The 4 Best Types of Catfish Rigs


Catching catfish is actually simpler than most people realize. Making a successful catch really comes down to choosing the right location at the right time and while using the right equipment, including bait, line, and of course the catfish rigs.

The best catfish rigs are durable and simple, using the fewest number of necessary components.

Below, we came up with the four best basic types of catfish fishing rigs:

Drift Rig

If you want your catfish fishing rig to be heavier and capable of dropping a weight faster to the bottom, then the best choice of catfish rig will be a drift rig. To use a drift rig, you simply need to cast it along a snag in a relatively moderate current, and then wait for the bait to move slowly to the bottom.  This makes the drift rig a good choice to use in shallow ponds or creeks.

Slip Rig

One of the most popular types of catfish fishing rigs for getting bait to the bottom is the slip rig, and specifically the egg sinker slip rig. The ‘egg sinker’ portion of the rig is designed to the slide on the main line down to the bottom. The idea is that a catfish at the bottom of the body of water will find the bait and then swim off with it with very little tension.

The issue here is, since the catfish can already swim off with the bait in their mouths, you may be giving them too much momentum before you are able to detect their bite to reel them in.  The best bet for being able to reel your fish in is if you hook them on the corner of the mouth, as well as to keep strong tension on your line.  When you feel the vibrations of the fish grabbing the bait, you’ll want to follow it for two feet or so, and then set your line by engaging the bait clicker.

One more thing worth of note is that egg sinkers work best when pitched from an anchored boat, and specifically in an area of water with a current.  When you cast them across a current, however, it can cause the sinker to roll across the bottom and get snagged, so be careful.

Slipfloat Rig

Slipfloat rigs are designed to keep the bait moving along the bottom of the lake at a current pace, while having less potential for snagging than a slip rig.  Many slip floats are shaped like cigars in order to make the more sensitive than a normal round bobber.

To use a slipfloat rig possibly, you need to tie a 5-turn Uni-knot around your main line while using a heavier line. You then slide the stop knot up the line to allow the bait to run deeper.  Then, proceed to slip on a 5mm bead followed by another slipfloat.

Three Way Rig

The three way catfish fishing rig is also commonly referred to as the Wolf River rig.  It’s one of the most practical catfish rigs when all things ate considered, being suitable for both strong currents and for static waters.

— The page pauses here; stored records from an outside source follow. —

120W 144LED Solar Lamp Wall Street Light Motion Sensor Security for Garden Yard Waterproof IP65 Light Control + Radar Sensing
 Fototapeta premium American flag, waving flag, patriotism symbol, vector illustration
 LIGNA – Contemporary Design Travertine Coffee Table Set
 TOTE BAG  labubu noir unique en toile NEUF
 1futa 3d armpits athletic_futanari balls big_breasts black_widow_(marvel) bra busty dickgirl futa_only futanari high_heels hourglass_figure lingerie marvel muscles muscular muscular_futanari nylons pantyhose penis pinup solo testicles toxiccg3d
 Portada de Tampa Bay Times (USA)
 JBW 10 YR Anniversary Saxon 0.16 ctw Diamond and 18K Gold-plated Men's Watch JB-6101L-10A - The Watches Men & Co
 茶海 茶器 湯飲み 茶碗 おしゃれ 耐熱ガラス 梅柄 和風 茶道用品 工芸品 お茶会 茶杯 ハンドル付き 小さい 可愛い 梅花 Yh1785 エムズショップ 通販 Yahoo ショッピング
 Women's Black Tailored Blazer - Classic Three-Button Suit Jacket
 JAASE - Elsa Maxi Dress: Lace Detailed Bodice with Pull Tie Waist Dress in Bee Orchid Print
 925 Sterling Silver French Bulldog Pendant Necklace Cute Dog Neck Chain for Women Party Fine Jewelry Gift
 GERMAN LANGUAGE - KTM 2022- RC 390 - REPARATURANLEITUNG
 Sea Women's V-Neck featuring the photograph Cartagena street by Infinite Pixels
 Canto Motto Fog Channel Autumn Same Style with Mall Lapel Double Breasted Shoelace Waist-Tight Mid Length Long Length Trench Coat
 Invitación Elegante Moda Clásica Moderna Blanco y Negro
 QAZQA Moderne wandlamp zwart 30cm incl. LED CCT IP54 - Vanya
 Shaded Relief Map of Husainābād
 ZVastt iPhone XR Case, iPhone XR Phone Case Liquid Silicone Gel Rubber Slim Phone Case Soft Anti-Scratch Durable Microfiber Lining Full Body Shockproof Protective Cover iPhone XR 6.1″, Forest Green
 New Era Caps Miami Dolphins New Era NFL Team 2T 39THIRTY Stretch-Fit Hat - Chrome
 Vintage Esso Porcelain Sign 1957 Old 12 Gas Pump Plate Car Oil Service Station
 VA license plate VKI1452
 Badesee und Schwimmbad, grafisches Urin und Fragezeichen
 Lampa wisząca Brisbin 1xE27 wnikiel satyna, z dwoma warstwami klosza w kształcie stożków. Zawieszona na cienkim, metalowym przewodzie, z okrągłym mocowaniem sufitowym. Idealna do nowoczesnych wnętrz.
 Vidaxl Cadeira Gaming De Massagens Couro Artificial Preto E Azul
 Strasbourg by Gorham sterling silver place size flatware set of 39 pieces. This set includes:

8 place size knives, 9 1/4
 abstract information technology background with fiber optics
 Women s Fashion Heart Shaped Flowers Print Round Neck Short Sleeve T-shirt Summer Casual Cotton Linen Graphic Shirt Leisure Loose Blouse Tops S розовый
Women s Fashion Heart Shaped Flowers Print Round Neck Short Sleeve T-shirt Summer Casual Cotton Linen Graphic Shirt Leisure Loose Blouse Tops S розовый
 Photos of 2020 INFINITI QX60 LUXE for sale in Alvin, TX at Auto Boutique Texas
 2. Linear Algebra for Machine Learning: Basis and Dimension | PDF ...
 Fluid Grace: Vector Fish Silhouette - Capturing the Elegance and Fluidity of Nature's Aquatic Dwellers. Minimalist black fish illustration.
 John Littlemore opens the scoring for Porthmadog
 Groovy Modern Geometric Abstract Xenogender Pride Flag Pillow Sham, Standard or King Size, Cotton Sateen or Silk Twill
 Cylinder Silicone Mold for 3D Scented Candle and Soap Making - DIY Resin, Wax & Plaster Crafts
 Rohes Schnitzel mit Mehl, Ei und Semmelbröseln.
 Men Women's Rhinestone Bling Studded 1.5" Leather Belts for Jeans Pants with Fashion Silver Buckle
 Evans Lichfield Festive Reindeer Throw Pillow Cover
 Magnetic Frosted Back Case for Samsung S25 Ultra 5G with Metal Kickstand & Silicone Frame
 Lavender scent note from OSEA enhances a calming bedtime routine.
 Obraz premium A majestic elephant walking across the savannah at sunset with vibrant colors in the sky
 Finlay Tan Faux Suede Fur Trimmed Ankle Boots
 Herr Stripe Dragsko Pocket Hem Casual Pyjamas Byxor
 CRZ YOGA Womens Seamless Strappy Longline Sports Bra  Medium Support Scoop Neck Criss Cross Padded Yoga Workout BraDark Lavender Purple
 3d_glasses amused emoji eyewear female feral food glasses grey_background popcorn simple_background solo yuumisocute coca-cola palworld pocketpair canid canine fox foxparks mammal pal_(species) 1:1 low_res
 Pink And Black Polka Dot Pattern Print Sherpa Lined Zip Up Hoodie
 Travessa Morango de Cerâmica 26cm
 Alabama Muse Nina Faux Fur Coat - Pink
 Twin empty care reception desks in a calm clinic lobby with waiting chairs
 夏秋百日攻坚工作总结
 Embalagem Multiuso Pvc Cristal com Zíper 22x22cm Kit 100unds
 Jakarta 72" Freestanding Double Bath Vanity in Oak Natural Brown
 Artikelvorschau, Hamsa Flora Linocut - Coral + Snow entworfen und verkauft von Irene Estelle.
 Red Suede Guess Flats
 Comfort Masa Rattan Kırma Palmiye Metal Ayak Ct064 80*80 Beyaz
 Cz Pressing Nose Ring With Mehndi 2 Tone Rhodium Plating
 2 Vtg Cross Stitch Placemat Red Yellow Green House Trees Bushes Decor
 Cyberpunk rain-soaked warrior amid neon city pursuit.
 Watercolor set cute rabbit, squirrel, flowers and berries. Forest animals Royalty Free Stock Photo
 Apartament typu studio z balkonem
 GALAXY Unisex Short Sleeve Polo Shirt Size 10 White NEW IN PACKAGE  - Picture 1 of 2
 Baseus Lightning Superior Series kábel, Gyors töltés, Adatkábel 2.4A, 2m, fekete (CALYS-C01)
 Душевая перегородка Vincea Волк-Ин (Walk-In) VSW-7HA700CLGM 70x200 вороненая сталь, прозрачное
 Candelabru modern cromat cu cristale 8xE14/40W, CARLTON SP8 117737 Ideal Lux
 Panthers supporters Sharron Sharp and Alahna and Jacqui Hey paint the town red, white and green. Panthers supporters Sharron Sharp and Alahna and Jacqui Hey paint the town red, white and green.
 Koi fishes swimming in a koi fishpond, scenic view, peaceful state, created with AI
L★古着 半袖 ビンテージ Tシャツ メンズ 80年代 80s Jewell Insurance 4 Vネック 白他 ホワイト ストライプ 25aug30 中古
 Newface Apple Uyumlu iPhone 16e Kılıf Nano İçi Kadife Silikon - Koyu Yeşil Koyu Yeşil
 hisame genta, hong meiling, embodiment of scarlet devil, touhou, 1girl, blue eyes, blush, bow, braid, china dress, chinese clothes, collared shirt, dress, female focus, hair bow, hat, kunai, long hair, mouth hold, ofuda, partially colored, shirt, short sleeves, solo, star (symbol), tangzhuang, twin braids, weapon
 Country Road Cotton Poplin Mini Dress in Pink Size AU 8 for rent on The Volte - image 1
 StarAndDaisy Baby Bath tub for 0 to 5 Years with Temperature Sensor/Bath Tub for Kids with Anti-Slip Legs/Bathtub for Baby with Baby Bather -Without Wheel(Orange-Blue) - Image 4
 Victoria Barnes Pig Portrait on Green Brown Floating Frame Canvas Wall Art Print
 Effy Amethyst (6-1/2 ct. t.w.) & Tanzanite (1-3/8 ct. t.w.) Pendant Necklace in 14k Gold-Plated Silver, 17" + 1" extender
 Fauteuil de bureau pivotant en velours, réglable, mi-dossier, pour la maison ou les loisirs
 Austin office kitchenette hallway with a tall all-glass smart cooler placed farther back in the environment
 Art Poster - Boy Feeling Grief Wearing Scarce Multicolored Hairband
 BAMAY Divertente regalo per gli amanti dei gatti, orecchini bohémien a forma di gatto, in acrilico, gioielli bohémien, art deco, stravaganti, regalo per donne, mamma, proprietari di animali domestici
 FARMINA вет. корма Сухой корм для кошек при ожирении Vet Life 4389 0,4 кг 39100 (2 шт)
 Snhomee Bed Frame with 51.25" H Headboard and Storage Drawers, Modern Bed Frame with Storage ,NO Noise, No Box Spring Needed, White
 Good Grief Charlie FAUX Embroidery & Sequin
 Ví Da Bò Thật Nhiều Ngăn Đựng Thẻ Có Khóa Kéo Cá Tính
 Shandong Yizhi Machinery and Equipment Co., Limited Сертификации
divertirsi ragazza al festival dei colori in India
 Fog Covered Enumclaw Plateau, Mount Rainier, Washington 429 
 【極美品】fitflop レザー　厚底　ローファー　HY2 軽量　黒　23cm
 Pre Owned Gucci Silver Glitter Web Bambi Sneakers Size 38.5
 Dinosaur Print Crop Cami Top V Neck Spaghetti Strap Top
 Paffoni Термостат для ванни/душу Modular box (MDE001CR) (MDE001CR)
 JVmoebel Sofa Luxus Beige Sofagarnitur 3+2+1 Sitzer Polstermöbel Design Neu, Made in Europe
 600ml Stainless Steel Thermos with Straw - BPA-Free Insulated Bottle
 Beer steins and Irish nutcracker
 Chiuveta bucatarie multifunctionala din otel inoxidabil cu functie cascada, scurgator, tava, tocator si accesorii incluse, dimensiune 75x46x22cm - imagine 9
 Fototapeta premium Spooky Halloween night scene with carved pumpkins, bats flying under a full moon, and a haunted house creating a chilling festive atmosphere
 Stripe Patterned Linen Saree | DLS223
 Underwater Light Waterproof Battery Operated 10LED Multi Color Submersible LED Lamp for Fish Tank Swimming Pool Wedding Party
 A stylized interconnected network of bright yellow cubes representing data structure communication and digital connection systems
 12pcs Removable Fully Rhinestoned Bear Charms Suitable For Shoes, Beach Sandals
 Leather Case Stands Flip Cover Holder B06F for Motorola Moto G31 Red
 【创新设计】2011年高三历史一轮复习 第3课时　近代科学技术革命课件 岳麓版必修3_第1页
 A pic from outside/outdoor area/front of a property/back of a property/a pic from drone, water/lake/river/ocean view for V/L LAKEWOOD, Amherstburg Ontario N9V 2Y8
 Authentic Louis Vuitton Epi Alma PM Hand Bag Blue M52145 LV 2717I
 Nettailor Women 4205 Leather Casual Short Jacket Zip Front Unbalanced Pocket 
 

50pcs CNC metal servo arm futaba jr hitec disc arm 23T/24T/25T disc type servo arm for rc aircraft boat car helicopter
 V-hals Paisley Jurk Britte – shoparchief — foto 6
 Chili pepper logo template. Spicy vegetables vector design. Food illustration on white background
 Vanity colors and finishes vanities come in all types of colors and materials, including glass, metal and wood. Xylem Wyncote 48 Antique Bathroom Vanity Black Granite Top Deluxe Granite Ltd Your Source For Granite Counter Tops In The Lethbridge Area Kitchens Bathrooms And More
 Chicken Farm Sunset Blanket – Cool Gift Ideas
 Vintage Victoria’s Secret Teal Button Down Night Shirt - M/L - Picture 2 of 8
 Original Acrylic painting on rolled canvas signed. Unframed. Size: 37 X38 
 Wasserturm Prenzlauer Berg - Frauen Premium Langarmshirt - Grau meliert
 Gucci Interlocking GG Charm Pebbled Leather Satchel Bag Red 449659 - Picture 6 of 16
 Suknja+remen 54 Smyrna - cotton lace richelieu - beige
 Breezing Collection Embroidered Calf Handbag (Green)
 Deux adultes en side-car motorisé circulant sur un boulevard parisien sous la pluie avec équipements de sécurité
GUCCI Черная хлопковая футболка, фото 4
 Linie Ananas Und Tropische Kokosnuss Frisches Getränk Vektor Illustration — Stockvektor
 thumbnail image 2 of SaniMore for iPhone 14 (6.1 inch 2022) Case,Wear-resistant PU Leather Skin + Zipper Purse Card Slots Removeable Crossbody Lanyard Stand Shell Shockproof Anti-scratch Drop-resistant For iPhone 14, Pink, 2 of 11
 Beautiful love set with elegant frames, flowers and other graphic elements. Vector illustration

The three way rig consists of a dropline that can measure anywhere from half a foot to two feet, and is anchored by a bell sinker to keep the bait as close to the bottom as possible.  The bell sinker will need to be anywhere from three to eight ounces.  You’ll then need a leader that should be at least three feet long, or at least around twice as long as the dropper line.

A twenty pound test mainline will also be a preferable choice should you encounter a big fish, which can often break a lighter line.